How To Replace A Caned Chair Seat
If you have a damaged cane chair, you don't have to discard it. The cane material used to make the chair comes from the outer skin of the rattan stalk, which is native to Africa and Asia. It is stripped and woven into seats by hand. The wood parts of the chair commonly last longer than the cane seats. Follow these steps to replace the chair seat.
Prepare to Fix the Cane Chair
To fix the cane chair, gather:
- work gloves
- tape measure
- paint brush
- flat-blade screwdriver or chisel
- utility knife
- 80-grit sandpaper
- wood punch
- wood wedges
- wood glue
- replacement seat
Determine if the chair is machine or hand-woven since machine-made seats are easier to replace. Machine-woven chairs have a wood frame inserted into a groove connected by a spline, which resembles a ribbon. Hand-woven seat commonly requires a professional service.
Remove the Old Seat
Lay the chair on a surface where you can work comfortably. Measure the length and width of the seat and buy a replacement with two extra inches on each side and a new spline two inches longer than the width, or trim it to fit. Let the new cane material soak for an hour to make it more flexible, and soak the spline for fifteen minutes.
While the new material soaks, use the utility knife to trim the damaged seat fabric, inserting the knife along the spline to break the adhesive and cane left in the grooves. Insert a wood chisel or screwdriver blade under the spline at a twenty-degree angle, and tap to release it, being careful not to cut the wood.
If the spline won't budge, carefully trim edges using the knife. Bend the sandpaper to fit into the groove, sand the pieces that remain, and wipe the area with a rag.
Install the New Cane Seat
Test the fit of the new spline before you install it. Lay the new seat on the space with the shiny side up and overlap grooves by an inch.

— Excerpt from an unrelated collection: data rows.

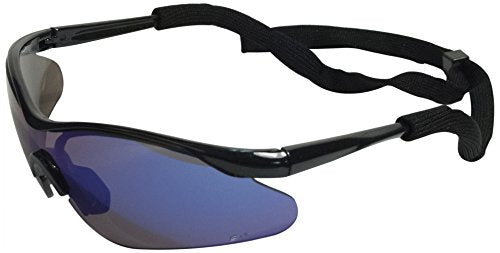 ERB 16858 Maltese Safety Glasses, Black Frame with Blue Mirror Lens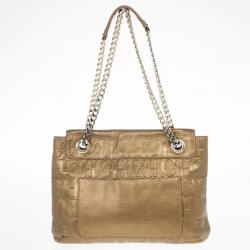 Pre Owned Carolina Herrera ‘Audrey’ Bronze Monogram Embossed Bag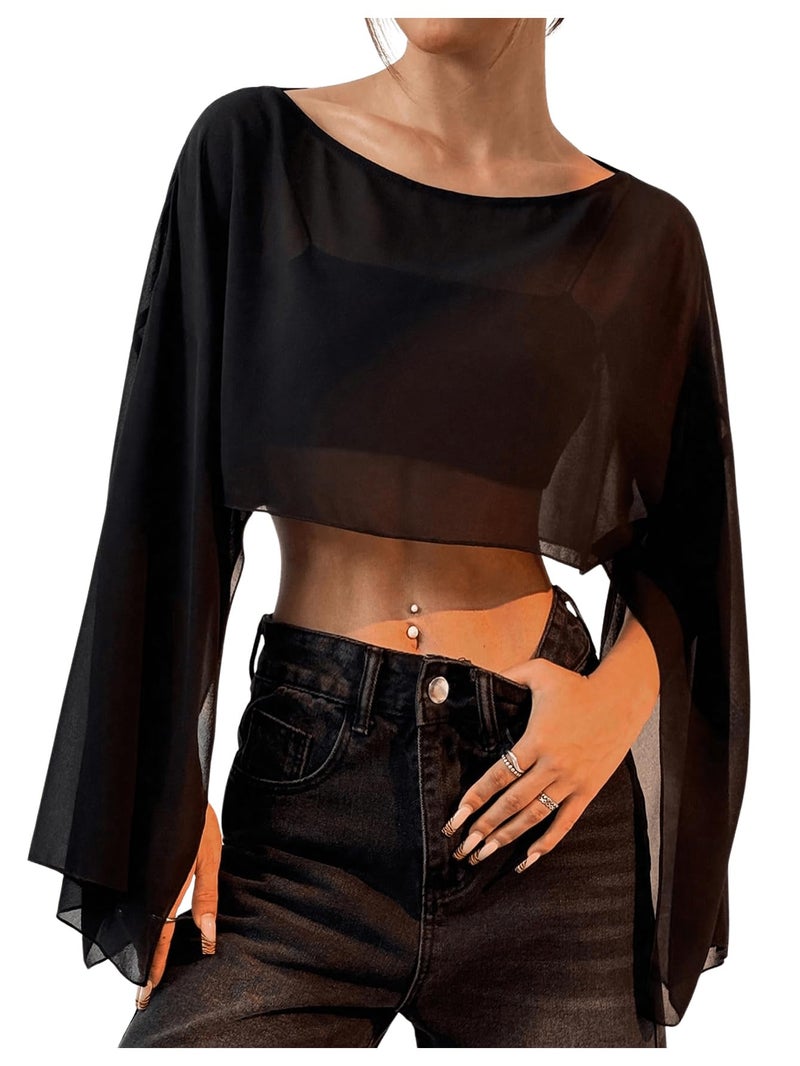 OYOANGLE Women's Mesh Sheer Split Bell Sleeve Crop Top Boat Neck Drop Shoulder Flowy Blouse Tops Black Medium - Image 1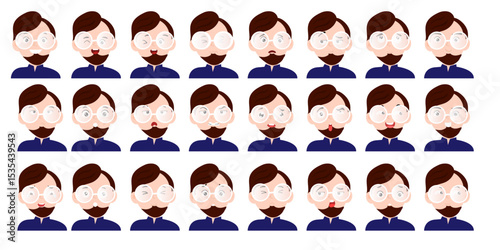 set of emoticon or avatar man variant different and expression face bundles. element stock. expression face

Stretch the cane without bending it out of shape, and align the weave straight across the edge, and up on the front edge, but not diagonally.
Hammer a wedge in all grooves at the center front, then the back, right, and left, keeping the weave straight. Dab the cane material dry, gently hammer the seat in place, using the knife to trim extra cane material.
Remove wedges, squeeze some glue into the grooves, cleaning the excess. Attach the spline, cutting corners at a 45-degree angle, then press the pieces into the grooves, using the hammer and punch. Let the chair dry and shrink for 48-hours before sitting on it. For more information, contact your local furniture store.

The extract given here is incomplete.